## Configuration

In [None]:
!pip install git_root

PROJECT_ROOT = None
in_colab = 'google.colab' in str(get_ipython())

if in_colab:
    print('Running on CoLab')
    PROJECT_ROOT = "/content/drive/MyDrive/DL4NLP/abstract-to-title-generation/"
    from google.colab import drive

    drive.mount('/content/drive')

else:
    print('Running on local machine')
    from git_root import git_root

    PROJECT_ROOT = git_root()

% cd {PROJECT_ROOT}
# install requirements
!pip install -r requirements.txt
# pull data only pulls changed data
!dvc pull


In [None]:
model_checkpoint = 'facebook/bart-large-cnn'

In [None]:
!pip install tqdm -U

In [None]:
from datasets import Dataset, load_dataset, load_metric
from transformers import AutoTokenizer, AutoModelForSeq2SeqLM, DataCollatorForSeq2Seq, Seq2SeqTrainingArguments, Seq2SeqTrainer
import pandas as pd
import nltk
import numpy as np

## Testing

In [None]:
tokenizer = AutoTokenizer.from_pretrained(model_checkpoint)

In [None]:

model = AutoModelForSeq2SeqLM.from_pretrained(model_checkpoint)

In [None]:
df = pd.read_csv("../data/filtered/train_pairs.csv", index_col=0)
df

In [None]:
df.reset_index(drop=True, inplace=True)

In [None]:
df.to_csv("./1024_characters_pairs.csv")

In [None]:
df = df.drop(columns=["title_length", "abstract_length", "token_len"])

In [None]:
df_train = df[:11864]
df_valid = df[11864:]

In [None]:
train_dataset = Dataset.from_pandas(df_train)
valid_dataset = Dataset.from_pandas(df_valid)
metric = load_metric("rouge")


In [None]:
max_input_length = 1024
max_target_length = 512

def preprocess_function(examples):
    model_inputs = tokenizer(examples["abstract"], max_length=max_input_length, truncation=True)

    # Setup the tokenizer for targets
    with tokenizer.as_target_tokenizer():
        labels = tokenizer(examples["title"], max_length=max_target_length, truncation=True)

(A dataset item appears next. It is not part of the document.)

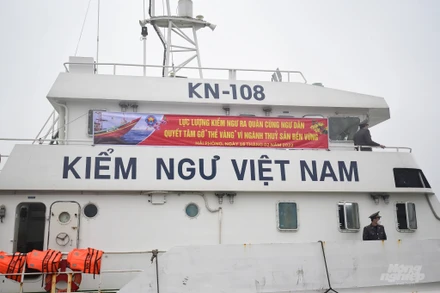 Chi cục Kiểm ngư Vùng 1 thực hiện nhiệm vụ tuần tra giám sát vùng biển Bắc Bộ.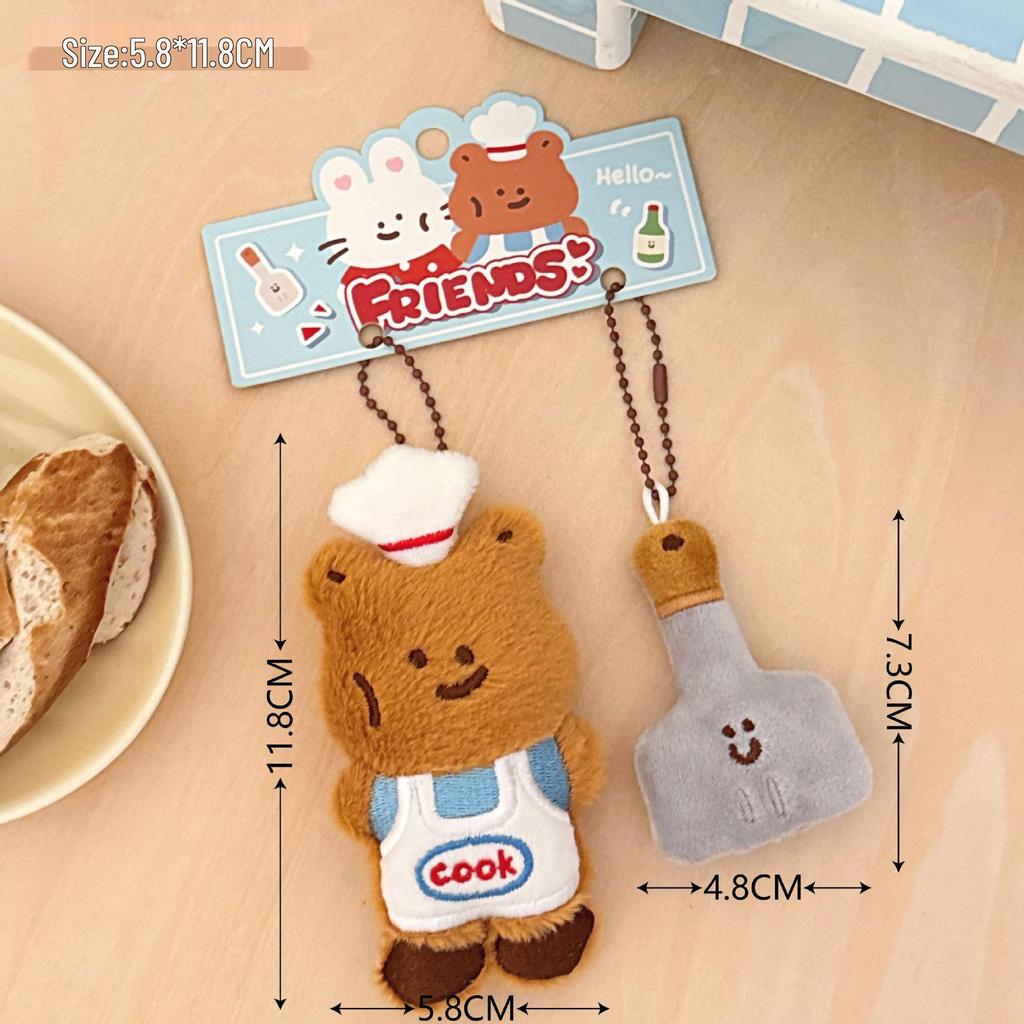 Tengyi Cute Racket Buddy Plush Doll Keychain Pendant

    model_inputs["labels"] = labels["input_ids"]
    return model_inputs


In [None]:
preprocess_function(valid_dataset[:2])

In [None]:
train_dataset = train_dataset.map(preprocess_function, batched=True)
valid_dataset = valid_dataset.map(preprocess_function, batched=True)

In [None]:
batch_size = 4
model_name = model_checkpoint.split("/")[-1]
args = Seq2SeqTrainingArguments(
    f"{model_name}-finetuned-lm_al_paper",
    evaluation_strategy = "epoch",
    learning_rate=3e-4,
    per_device_train_batch_size=batch_size,
    per_device_eval_batch_size=4,
    weight_decay=0.01,
    save_total_limit=2,
    num_train_epochs=3,
    predict_with_generate=True,
    fp16=True,
    push_to_hub=False,
    gradient_accumulation_steps=8,
    save_steps = 500,
    logging_steps = 185,
)

In [None]:
data_collator = DataCollatorForSeq2Seq(tokenizer, model=model)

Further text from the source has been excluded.